- A.N. Other
- History - general, Biographies and personal histories, Garden Island
- RAN Ships
- None noted.
- March 2013 edition of the Naval Historical Review (all rights reserved)
By Ian Thomson
The author provides us with a delightful vignette of life as a dockyard apprentice. We should also remember that workers at Garden Island Dockyard were employed by the then Department of the Navy. After leaving Garden Island Ian entered the commercial world working in the aluminium industry. These days in retirement he re-uses some of those old skills learnt as an apprentice in repairing and polishing antique furniture and making things for grandchildren.

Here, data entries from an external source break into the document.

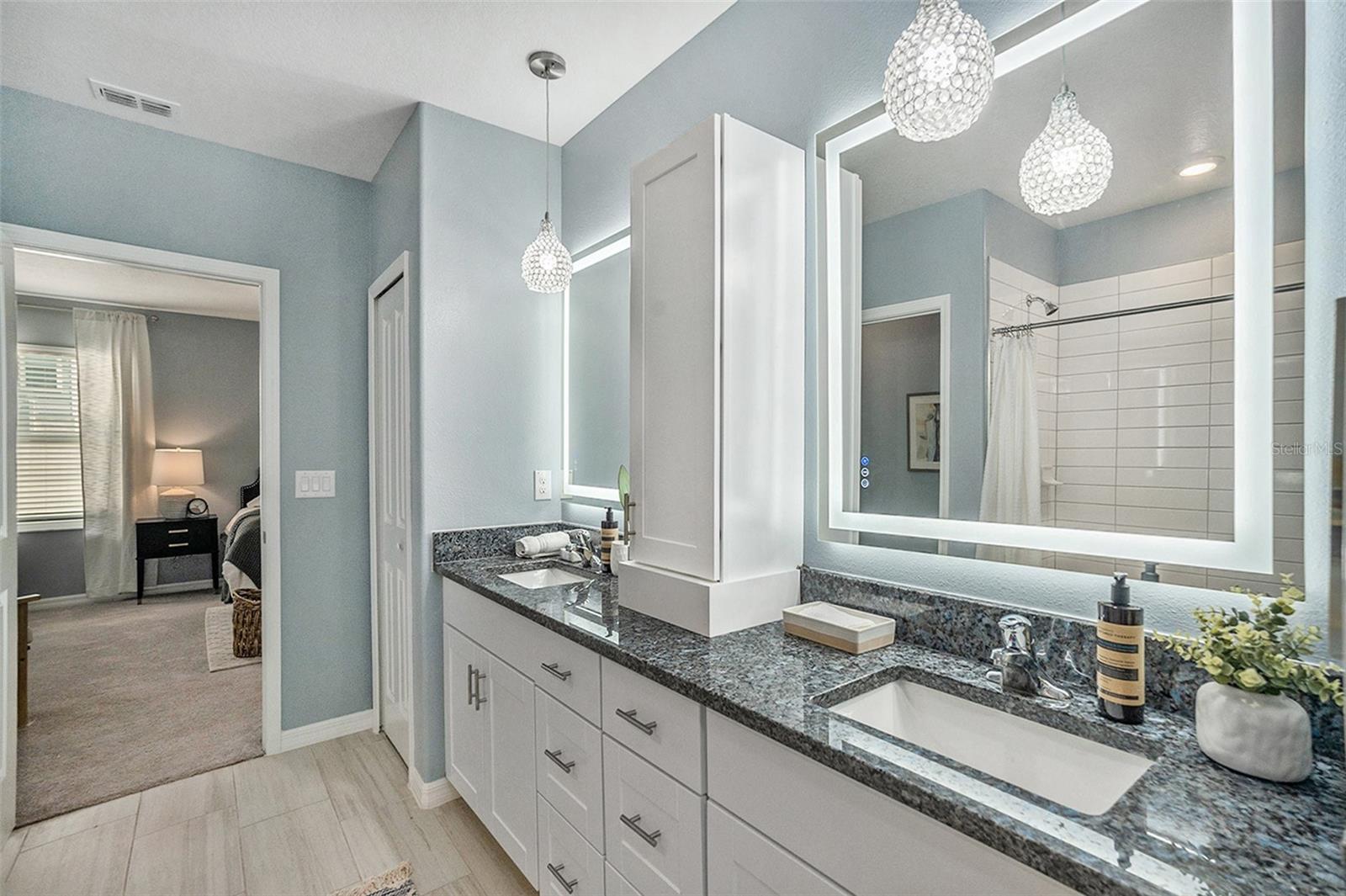 Owners Bathroom with custom cabinetry, lighting and mirrors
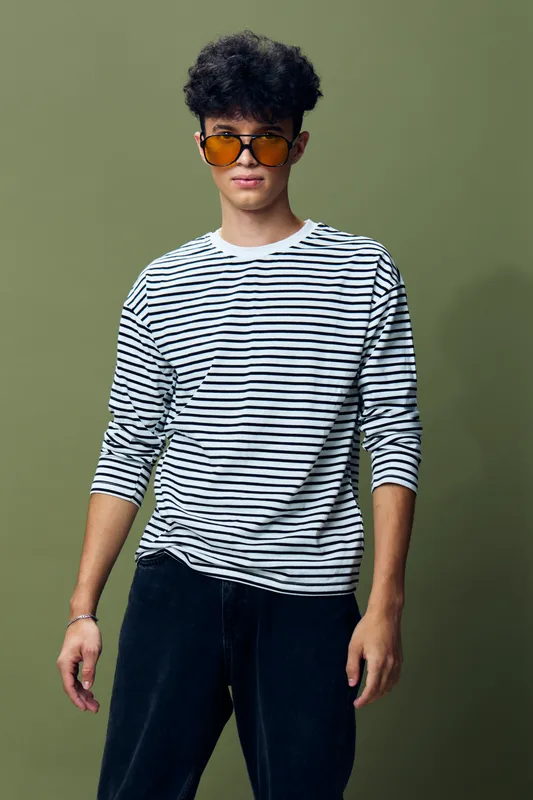 young man wearing sunglasses and striped shirt standing confidently against plain green background with casual style and curly hair, modern fashion portrait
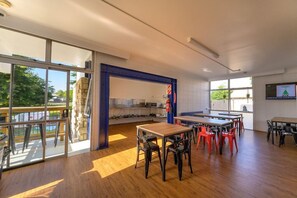 A spacious room with a large window, a kitchen area, and a dining table with chairs. - Base Rotorua - Hostel (Rotorua)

It was just a week before Christmas 1953 when I received with great excitement a formal letter from The Department of the Navy advising me that I had been accepted as an apprentice patternmaker with a three month probationary period. I was to report to the Superintendent of Apprentices at 7.30am on January 4 the following year. I had completed a year at Sydney Technical College, Ultimo doing a pre-apprenticeship course in patternmaking and had applied for a number of jobs at various companies but Garden Island was the plum. None of the other positions had the same variety of work that Garden Island offered.
From Day One my excitement at being at a naval dockyard was almost over-whelming. All around the island were these fascinating ships of war; destroyers, frigates, corvettes and sloops. Opposite Garden Island, at Athol Bay, lay a heavy cruiser named HMAS Shropshire looking rather neglected. She and a few other lesser ships were a part of what was known as the ‘mothball fleet’. I thought at the time that the name Shropshire did not sound very Australian. I was subsequently told that this proud old lady had seen many years of service, first with the Royal Navy and then handed over to the Australian Navy in 1942 as a replacement for HMAS Canberra lost in action in the Pacific. A few months later, in October 1954, Shropshire was towed out through the Heads on its way to be cut up for scrap; an ignominious end to a proud old ship of war.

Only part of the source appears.